Sunday, November 04, 2012

So, Why Does Henry Drink?

"My house is made of wood, and it's made well,
unlike us. My house is older than Henry;
that's fairly old.
If there were a middle    ground between things and the soul" -- John Berryman, "Dream Song 385"
Down here, the genius of the place is the water moccasin. No grizzly bears or elk, no trout or thatch, but the cotton mouth, which developed its poison out of accursedness rather than need, stands for our soil's natural produce. As fallen leaves turn the grass into a mosaic, and every glance at the ground presents us with the vertigo of endlessly repeated leaf shapes at shifting angles, the very soil is a 100,000 piece jigsaw puzzle. The wind will shift the pieces, and people will rake them into bags, until the waters and acids break them to stickiness, and then that will be the new paving of the world for a season.

Left to their own devices, the people will be both kind and cruel, spring and autumn, and they will do all that is possible to deny the fall's spring, the false spring, and the failed spring. Fallen nature and fallen humanity try to avoid one another and keep their hostilities decorous. The kudzu will wait a while before trying to teach lessons in hegemony, and the honeysuckle will climb through all the shrubbery, then the screens and lattices, and the possums and raccoons will take what they can as quietly as they are able. The people, for their part, will rapture in five point bucks and the "hallowed" traditions of testing inescapable technology against herbivores. Ducks, doves, and a few quail will fall from the sky, but the people will claim that it was all in good sport, and all the sweeping and raking and cutting back will not be grudged.

Of course this is a land of the polite lie. The water moccasin is aggressive in a way that a snake need not be. It gets its broods shot because it is perpetually angry, perpetually certain that it is better to die in killing than to live in fear. Copperheads can cringe beside a sneaker and hope its owner goes away, but not a water moccasin.

When any one or any thing gives offense, the people, too, will welcome the useless martyrdom of rage over the life of compromise. No wonder, either.

What is it that we have gained, you and I, through peace? When the braying, kicking ass comes down the hall, and we duck into our offices, what did we get? When the "poll watcher" begins to harass a brown skinned person in line because a chauvinist told him he could, what did we get for ducking our shoulders?

Carl Jung talked about the shadow. As much as you want peace, your shadow wants war. As much as you want to pay the bill and leave, your shadow wants to slap the waitress, stab the cook, and set fire to the building. Carl Jung was writing in the golden era of the bourgeoisie, before "bro humor" and other crimes became entertainment.

It was an era that claimed a great many minds. The people who wanted to kick against it had very loud fits. Nietzsche wished he could punch it in its face.

Today, restraint is dead, seemingly, but people are as restricted as ever. Remember how Republican presidents said they were going to lower "our" taxes to "give our money back to us?" Did it go back to us? I seem to recall that "giving our money back" meant making states do Welfare and Medicare, and they didn't raise the money. If they did, the money didn't come back. I recall that we were going to get rid of company pensions because "unions" and because "government" would be insolvent, and yet everyone still kept having money deducted, but now it went to an IRA or 401, which meant that it went to Wall Street. No, I don't recall anyone getting more money except banks, but I have seen services decrease year on year.

The cell phone would solve the problems of high phone charges. Of course the contracts that can't be cancelled without $200-300 of fees are not making things better. The "overdraft protection" on our banking accounts became ways of generating profits for the banks. We have no say in whether our power bills go up or down or how the power is made.

No, we're not free. We're pretty damned bottled up, hemmed in, and compromised, but now we don't have a name to associate with our losses or a face that we can dream of slapping.
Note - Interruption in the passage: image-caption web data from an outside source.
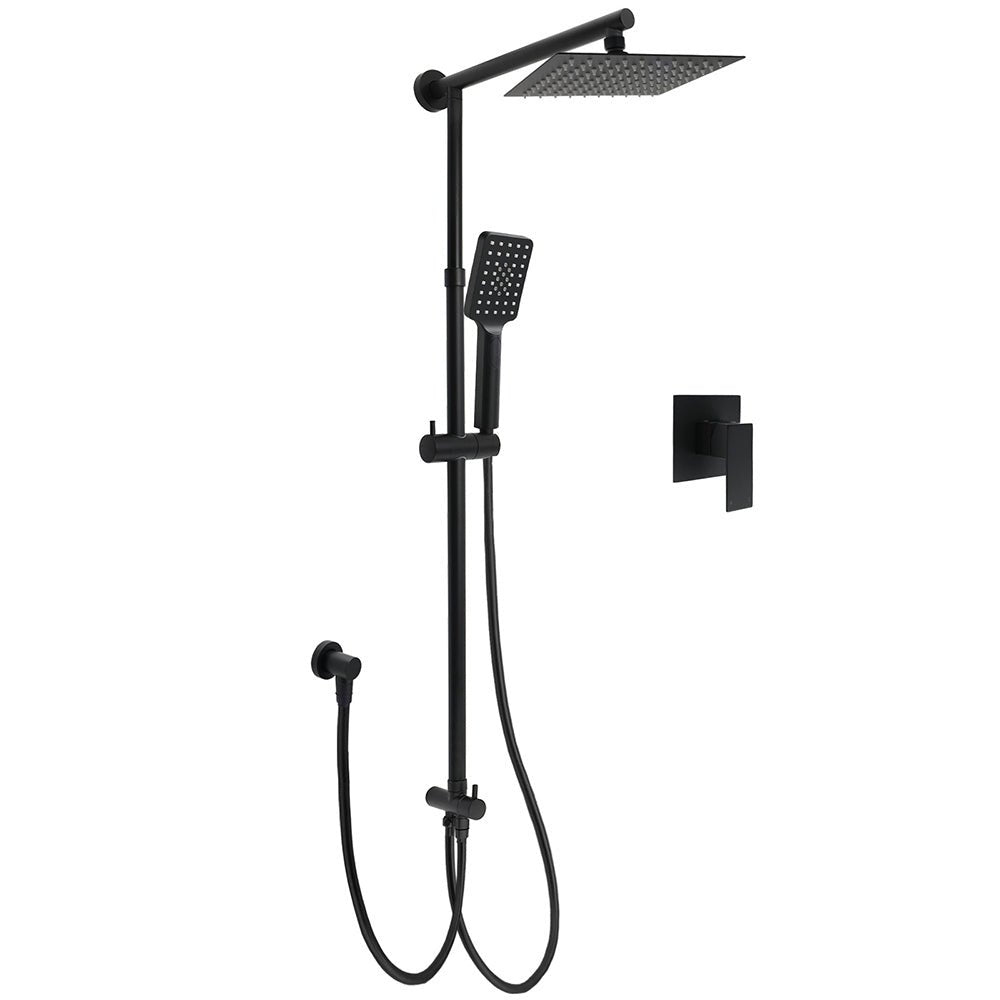 Matt Black 2in1 Set 8" Square Thin Shower Head Handheld Adjustable Silding Rail Mixer - Furniture > Bathroom > Shower Heads & Screens - Rivercity House & Home Co. (ABN 18 642 972 209) - Affordable Modern Furniture Australia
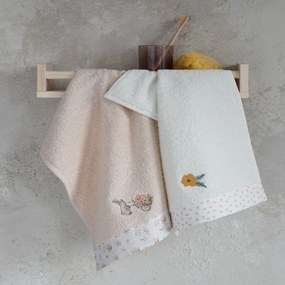 Πετσέτες Easter Bunny (Σετ 2τμχ) White-Somon Nima Σετ Πετσέτες 100% Cotton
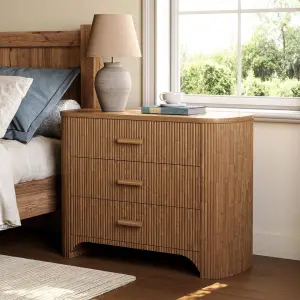Ultra-slim Leg 2 Drawer Nightstand Anti-collision Rounded Corner Side Table for High-end Master Bedroom
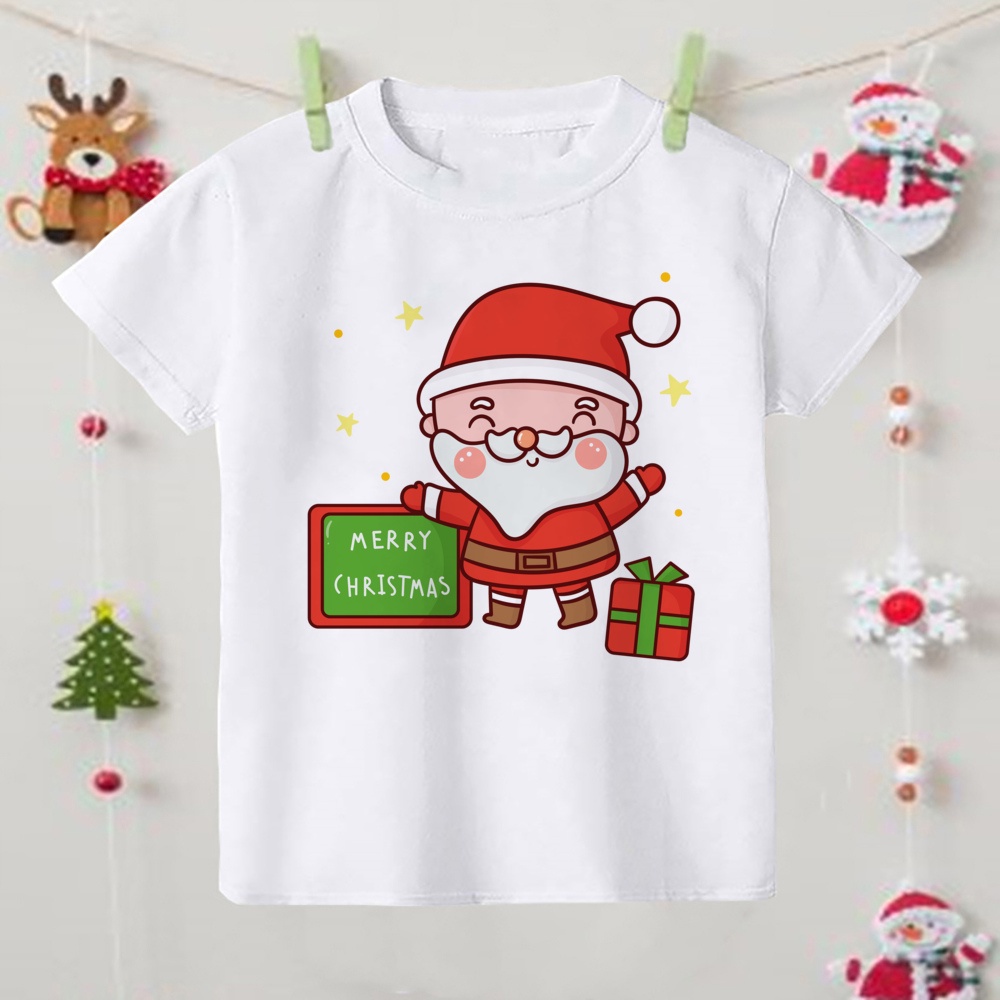 Áo Thun Tay Ngắn In Họa Tiết Ông Già Noel Thời Trang Cho Bé Trai Và Gái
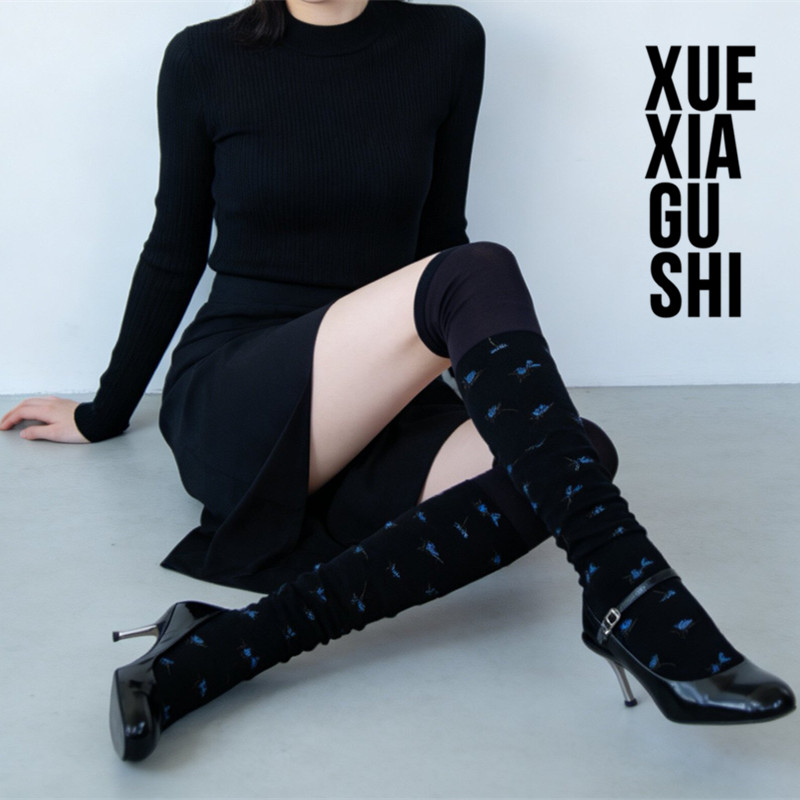 【亮闪蝴蝶结过膝袜】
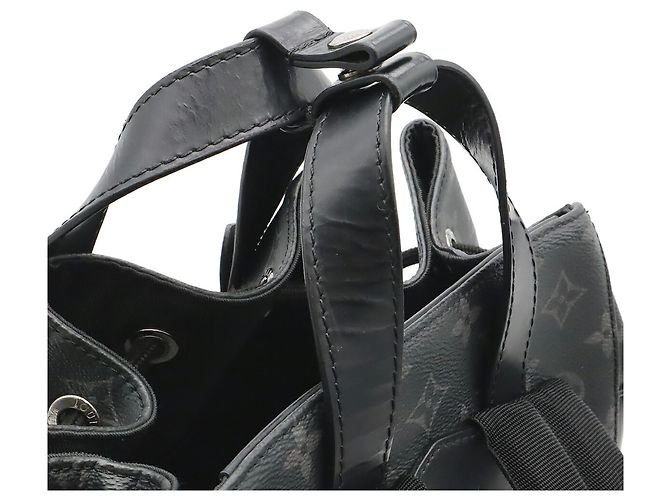 Zaino Louis Vuitton Monogram Eclipse Marrone Nero - vista 6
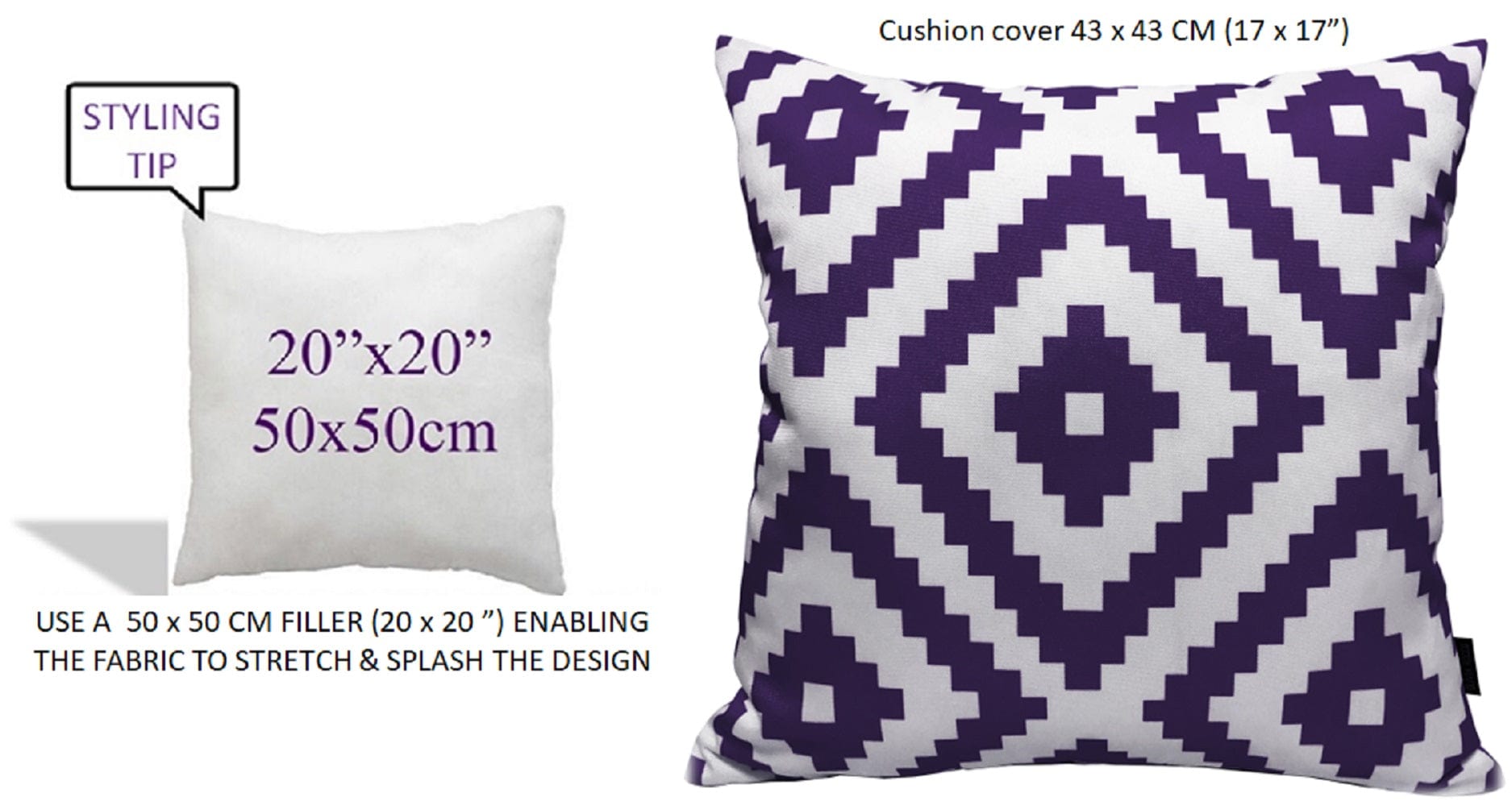 Nairobi Purple Outdoor Scatter Cushions Waterproof Weather Resistant Decorative Pillows for Garden Patio Beach Indoor 43 x 43 cm by OLIVIA ROCCO NAIROBI PURPLE / 43 x 43 cm Cushions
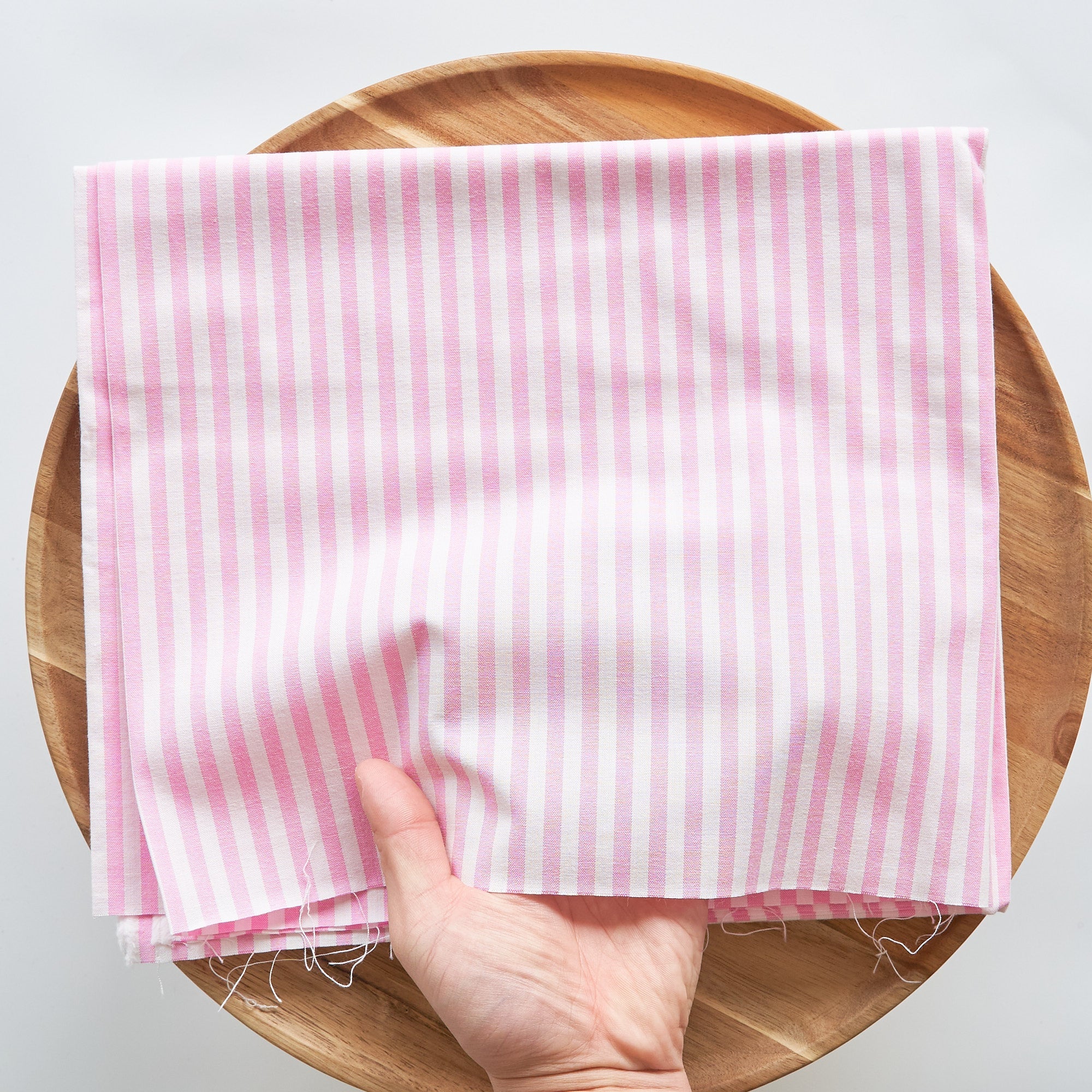 綿ポリ交織ダンガリー5mmストライプ#122 コスモスピンク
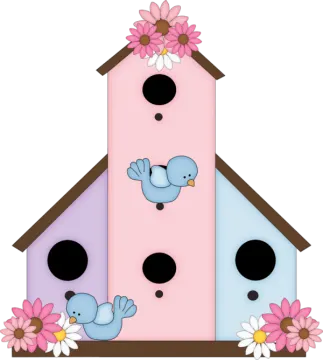 a bird house with two birds and flowers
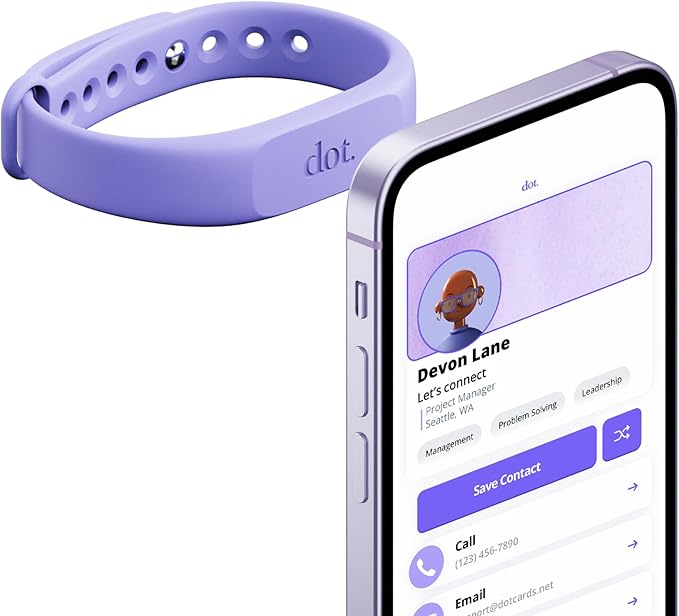 dot. Band - Digital Business Card Wristband - Tap Compatible with iPhone & Android (Purple)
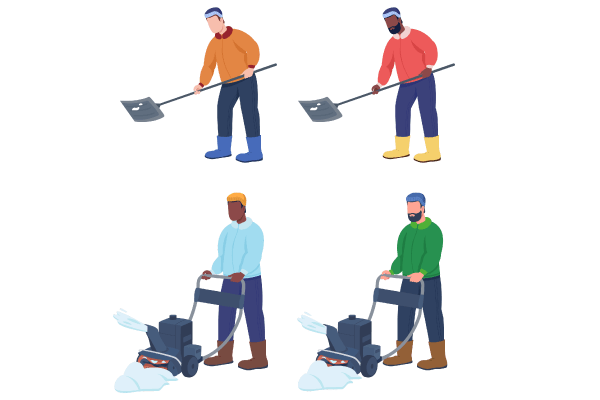 Man Cleaning Snow Characters Set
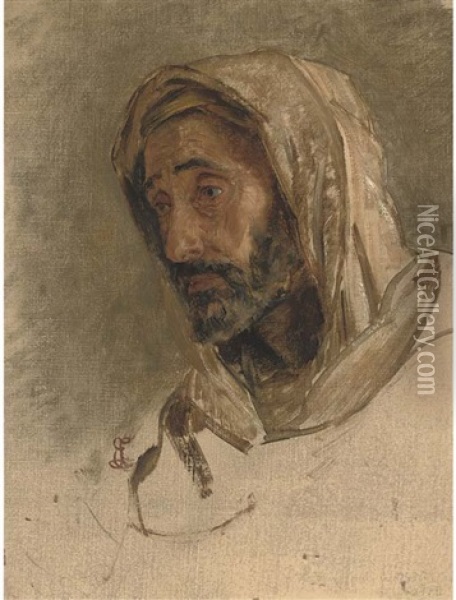Portrait Of A Man In Arab Dress Oil Painting - Edwin Long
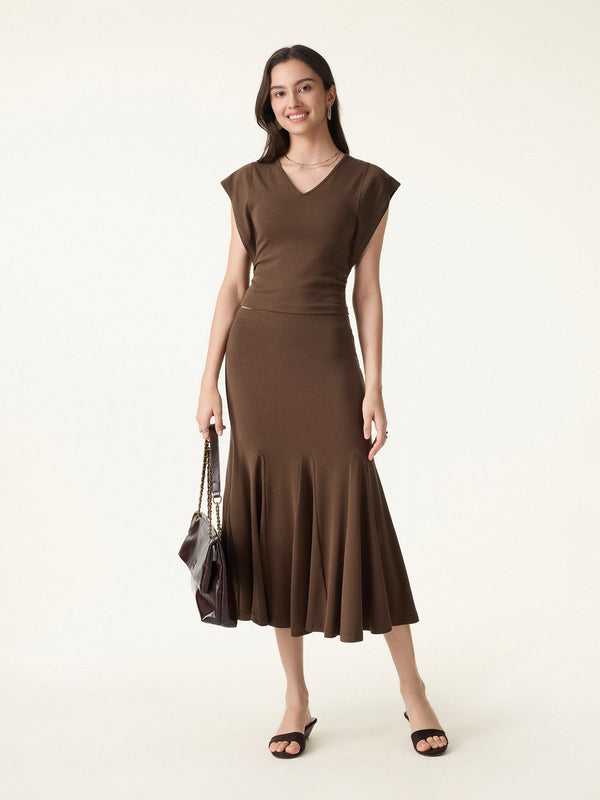 2Pcs Set Cotton Lyocell V-Neck Summer Tee & Flowy Flared Midi Skirt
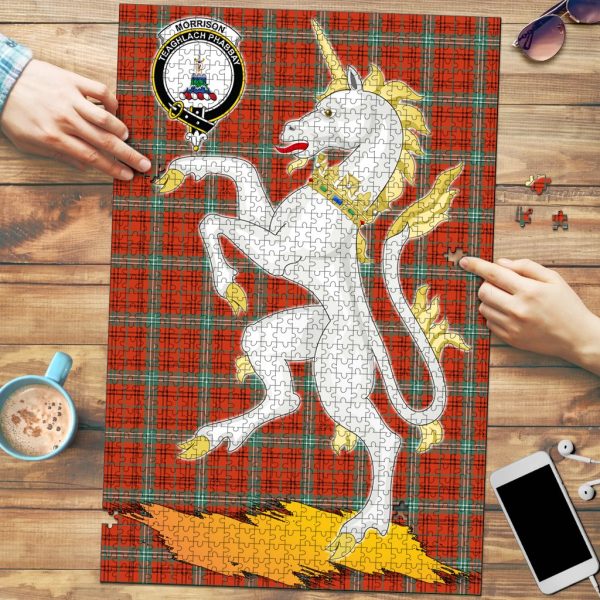 Morrison Red Ancient Tartan Crest Unicorn Scotland Jigsaw Puzzles Online Sale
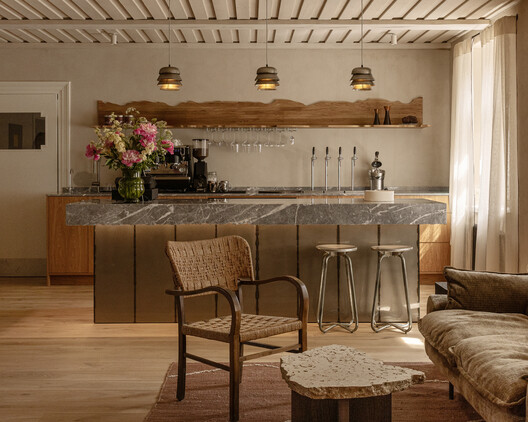 Ausma Hotel / Field Studio Ausma Hotel / Field Studio - Interior Photography, Kitchen, Wood, Table, Lighting, Countertop, Chair
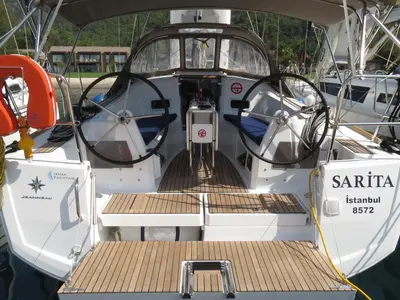 Cockpit of Sarita, a Jeanneau Sun Odyssey 349 sailboat at Fethiye, Turkey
I find myself at present being widely praised by my family as the one who has looked after my mother in her illness, but not at all trusted by any of them to have a clear point of view or the best point of view. This has led me to think again about how Jung praised a good stiff drink and a solid bender every once in a while. The problem is that it's really, really expensive to be a drunk.

Being a druggie is even more expensive, variable in its results, and dangerous.

No, the sane thing to do is to be a pill popper. First, the excess production of the nation favors that. After all, the strong manufacturing base in the U.S. is of drugs. We don't always know what they do or how they do it (Lyrica, anyone? Abilify?), but we can make it very well and at great cost. Astonishingly, we can make any medicine cost $2.00 per dose.

The truth of such things is, I think, not what Jung had argued, though. He felt that societies and persons needed to blow up their societies and allow misrule so that they could reintegrate the hierarchy. Essentially, by allowing the bacchanal, they defused the Shadow. This was his way of understanding the world wide presence of carnival. Most folks still, I think, view these events as purgatives.

I avoided Mardi Gras when I lived in New Orleans, but I think I have nevertheless come to a realization. Why would a person drink to oblivion? It's not to forget the world, but to forgive it lest we go back to agreeing with our spirits that it is better to have the consuming flame than the bitter acids of the dirt again.